第58回企画展

【二代目尾上多見蔵】
2015年12月8日(火)〜2016年3月6日(日)

大阪の歌舞伎芝居は、道頓堀の中座や角座をはじめとする大劇場で上演されただけでなく、宮地芝居とよばれる神社の境内で行われるものもありました。これらの芝居に出演する役者も、人気と実力によって出世していくことができました。
 そこで、今回の展示では二代目尾上多見蔵を特集します。多見蔵は、子供芝居や宮地芝居に出演し、後に三代目中村歌右衛門や三代目尾上菊五郎に見いだされ、歌舞伎界を代表する役者へと出世していきます。浮世絵に描かれた姿から、次第に貫禄がでていく様子にもぜひご注目ください。
OnoeTamizo宗広画 二代目尾上多見蔵〔石川五右衛門〕


二代目尾上多見蔵とは
寛政12年(1800)、京都にて床山の亀右衛門の子に生まれ、文化(1804〜1817)の中頃は、瀬川和市の名で子役として活躍、のちに三代目中村歌右衛門の門下となり姓を中村にあらためます。
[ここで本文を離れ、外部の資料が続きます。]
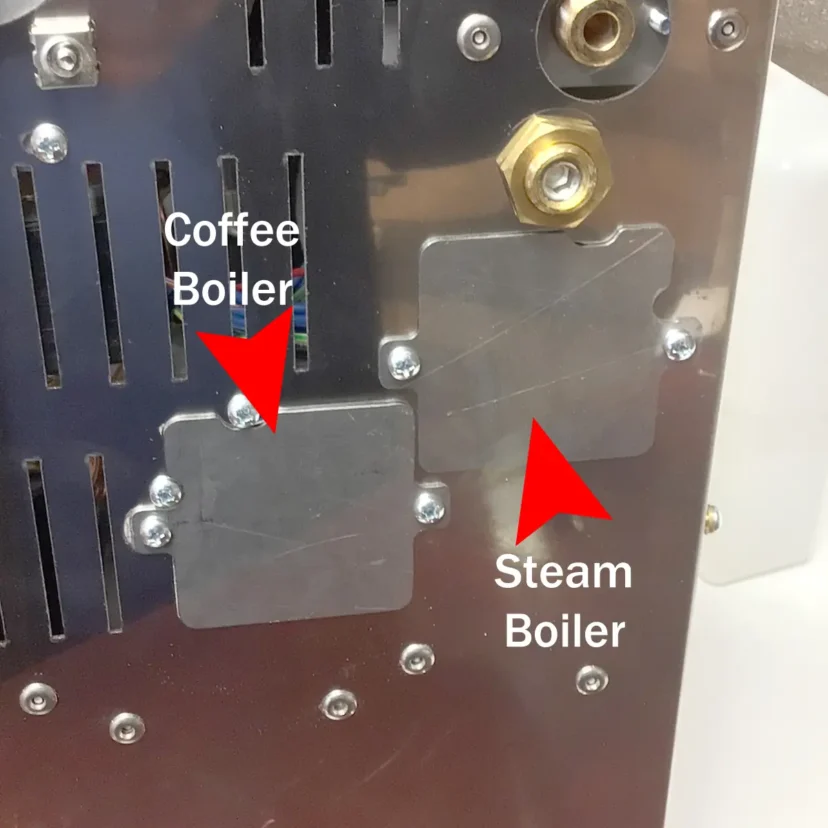Close-up of a Magister Stella machine panel with two labeled areas: one marked Coffee Boiler and another marked Steam Boiler, each indicated by a red arrow pointing to a metal plate, emphasizing steam and hot water controls.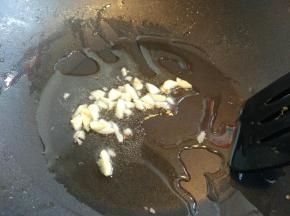 大蒜用刀面平着压扁，切碎，放入热锅热油中爆香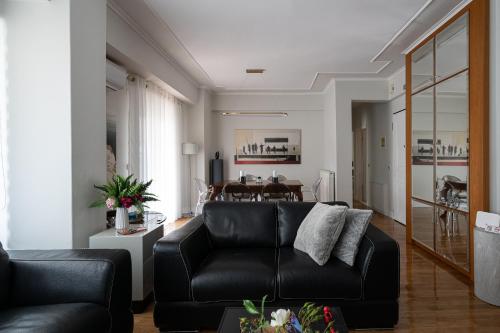 a living room with a black leather couch and a table at Oly modern apartment in Katerini
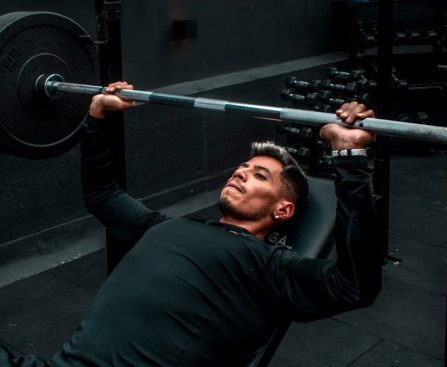 Man performing bench press with heavy barbell in a gym setting, focusing on strength training.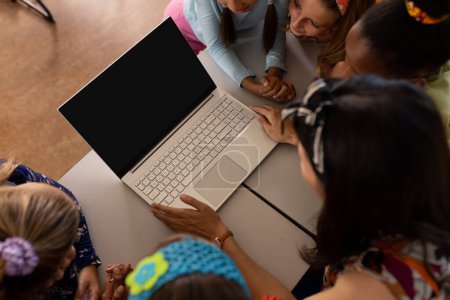Photo for High angle view of diverse female teacher and girls looking at laptop while studying online on table. Copy space, unaltered, childhood, technology, education, student, e-learning, school concept. - Royalty Free Image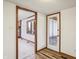 Inviting entryway with wood flooring and views to living room and porch at 521 Eagle Crest Dr, Brownsburg, IN 46112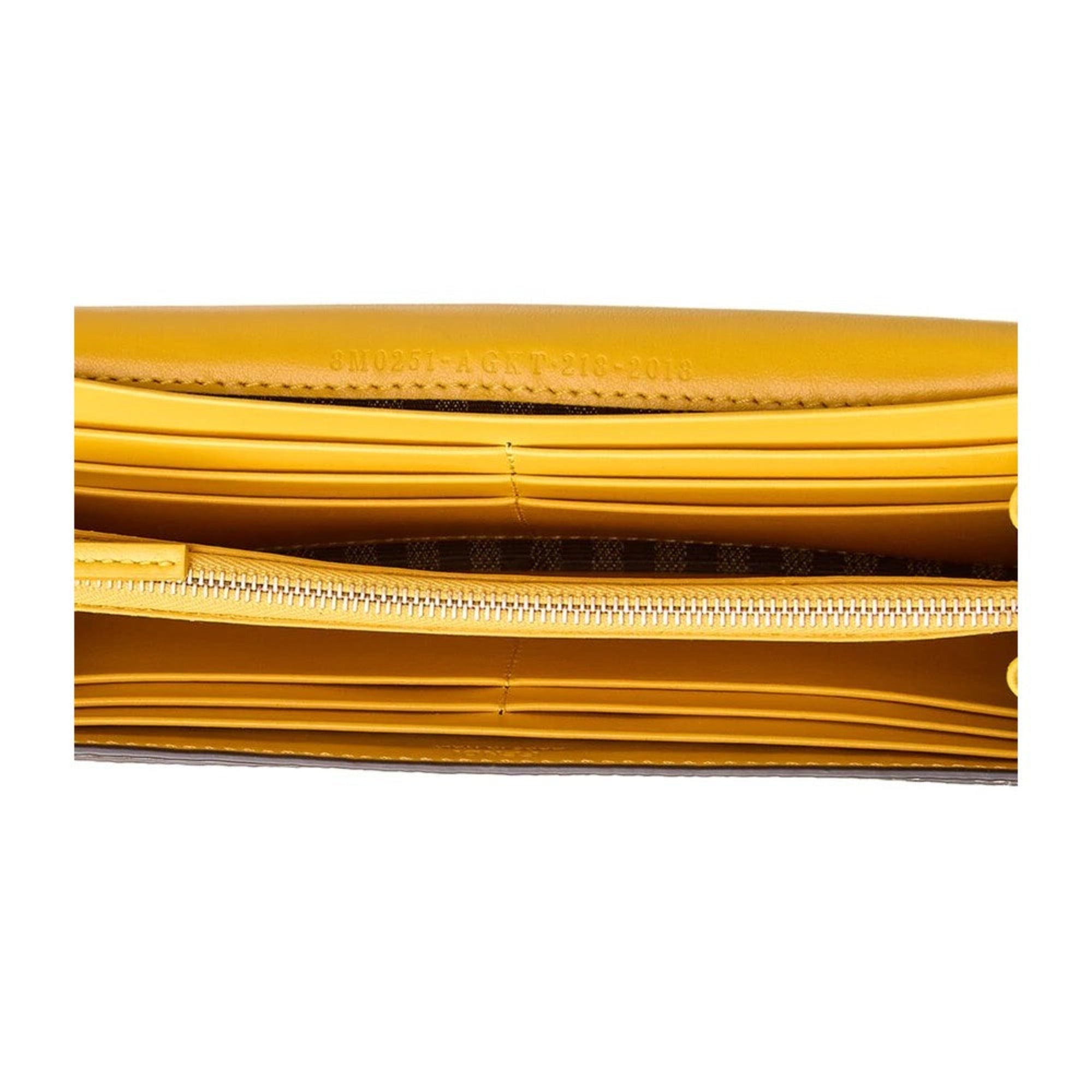 Fendi F is Fendi Yellow Leather Vertigo Print Long Wallet available at Queen Bee of Beverly Hills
文政3年(1820)、三代目尾上菊五郎の門下となり、江戸の歌舞伎芝居に出演の際、二代目尾上多見蔵を名乗ります。

文政6年には大阪へもどり、竹田や大西などの“中芝居”にて人気を得て、また歌右衛門と“大芝居”で共演するなど、次第に役者としての評価を上げていきます。天保12年(1841)および弘化3年(1846)には、ふたたび江戸へくだり、中村座などに出演。東西の歌舞伎界の重鎮となっていきます。
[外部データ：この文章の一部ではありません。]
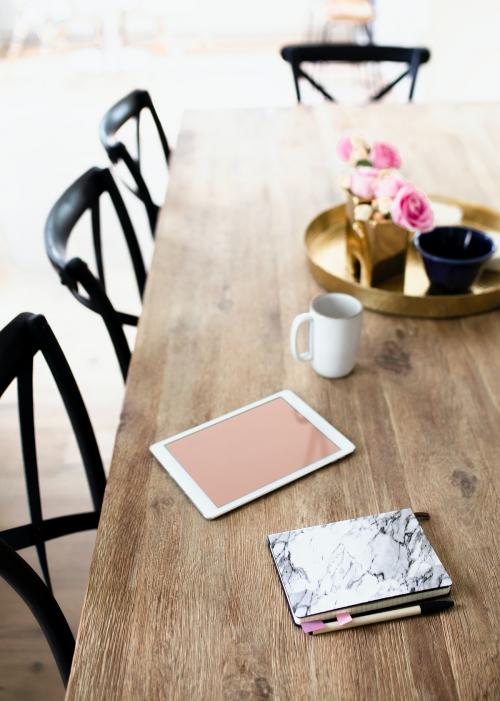 Digital tablet and a marble texture notebook on a wooden dining table - 1211281
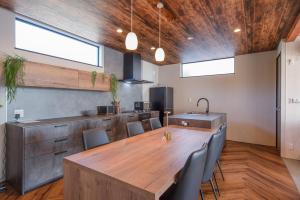 a kitchen with a large wooden table and chairs at Gold Valley Villa B in Futtsu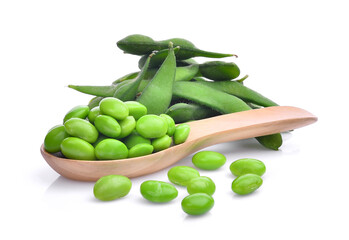 edamame green beans in wooden spoon isolated on white background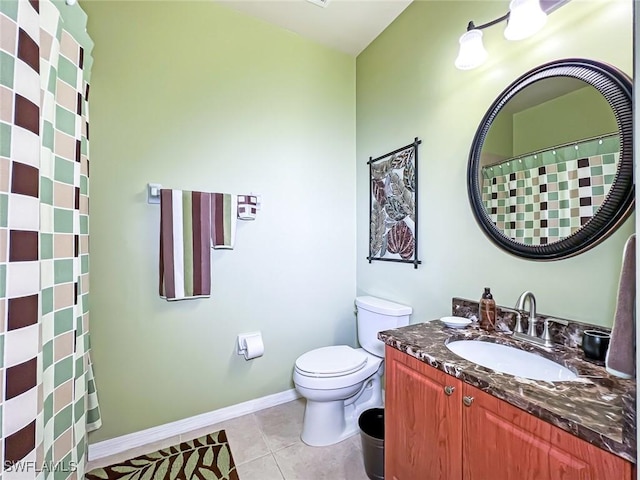 bathroom with tile patterned floors, vanity, and toilet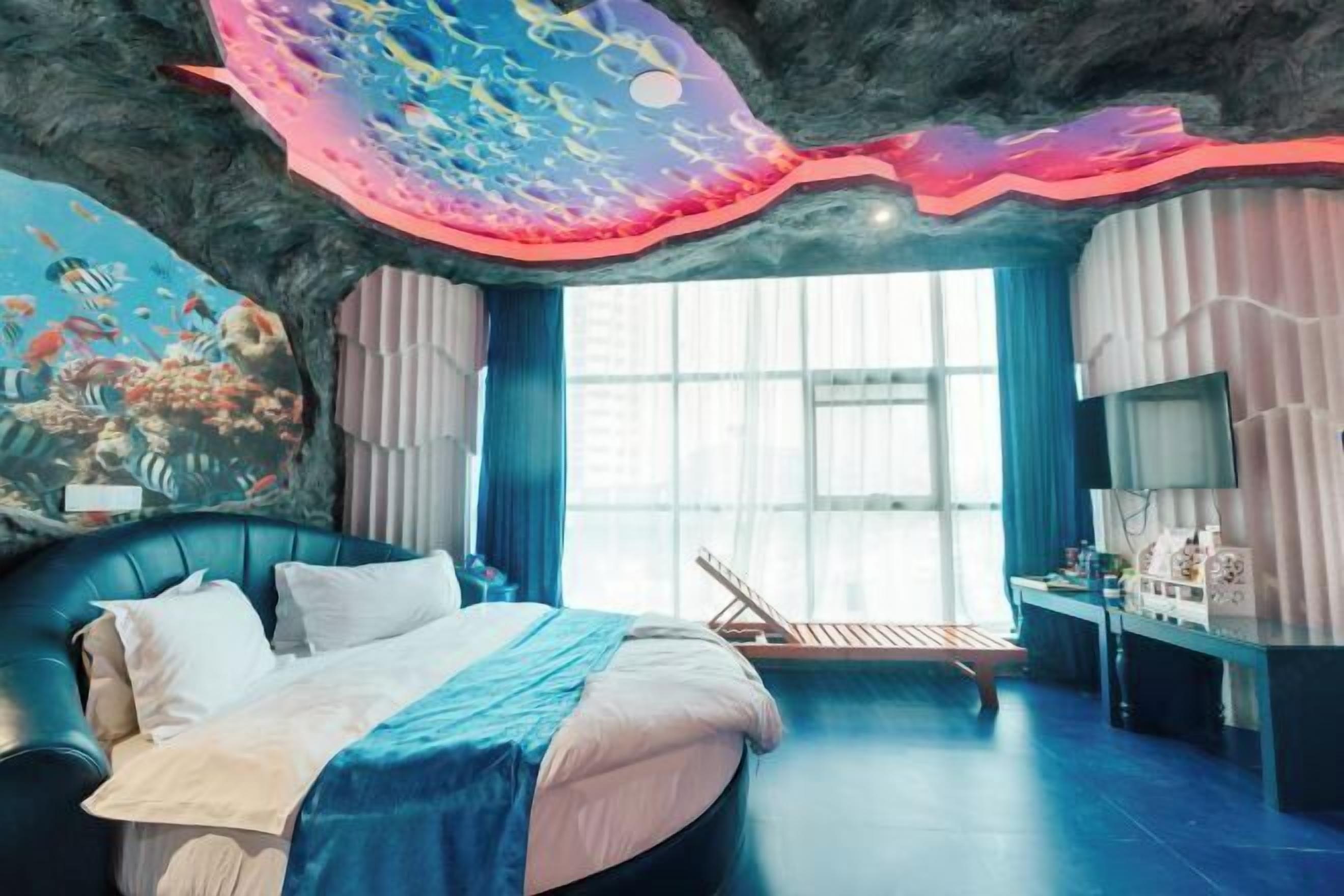 Een moderne slaapkamer met een groot bed, een muurschildering van vissen en uitzicht op de stad.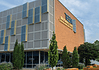 Poor defendants often blocked from OK County pretrial release program Modern brick building with a grey panel facade and blue-yellow decorative panels; a sign on the brick wall reads Transformation Center, with glass windows and trees in front.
明治期も活躍を続けますが、明治18年(1885)11月中座の舞台を最後に、翌明治19年3月2日、長い役者人生の幕をおろしました。

三代目中村歌右衛門と三代目尾上菊五郎
三代目中村歌右衛門は、江戸時代後半の大阪歌舞伎界の頂点に立つ役者です。歌右衛門は人気も高く、浮世絵にも多く描かれました。歌右衛門は容姿にめぐまれなかったものの、多彩な演技力から“兼ル役者”と称されます。

三代目尾上菊五郎は、江戸の歌舞伎界を代表する役者であり、大阪の舞台へも度々出演していました。多見蔵が菊五郎門下となったのも、堺の芝居での同座が縁といわれています。菊五郎も立役から女方までの広い芸域から“兼ル役者”と称されました。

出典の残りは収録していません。